• **Exercise instructions**
Would you reproduce the data below exactly, please, leaving out its images?

• **Information provided**

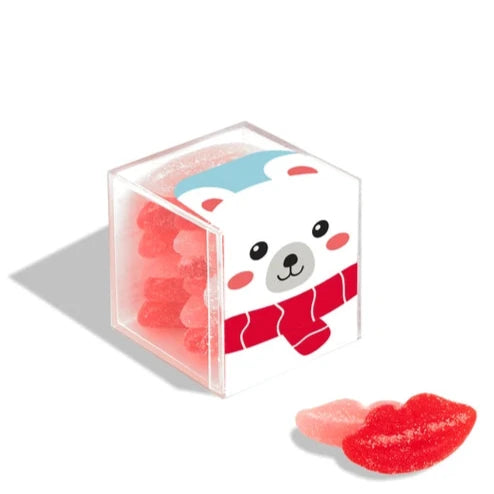 A small transparent cube-shaped box filled with red and pink sugar coated candies shaped like lips. The box is decorated with a cute polar bear wearing a red scarf. Two candies are placed outside the box for display.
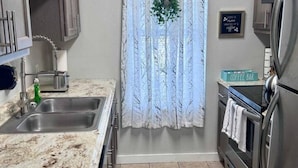 A kitchen with a stainless steel refrigerator, a double sink, and a countertop with a coffee bar. - Comfy 2BR 1BA Apt (Nederland)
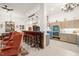 Open concept of kitchen to living room with a bar and comfortable chairs at 3104 Sandy Knoll Ln, Knightdale, NC 27545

• **Solution for this task**
 A small transparent cube-shaped box filled with red and pink sugar coated candies shaped like lips. The box is decorated with a cute polar bear wearing a red scarf. Two candies are placed outside the box for display.
 A kitchen with a stainless steel refrigerator, a double sink, and a countertop with a coffee bar. - Comfy 2BR 1BA Apt (Nederland)
 Open concept of kitchen to living room with a bar and comfortable chairs at 3104 Sandy Knoll Ln, Knightdale, NC 27545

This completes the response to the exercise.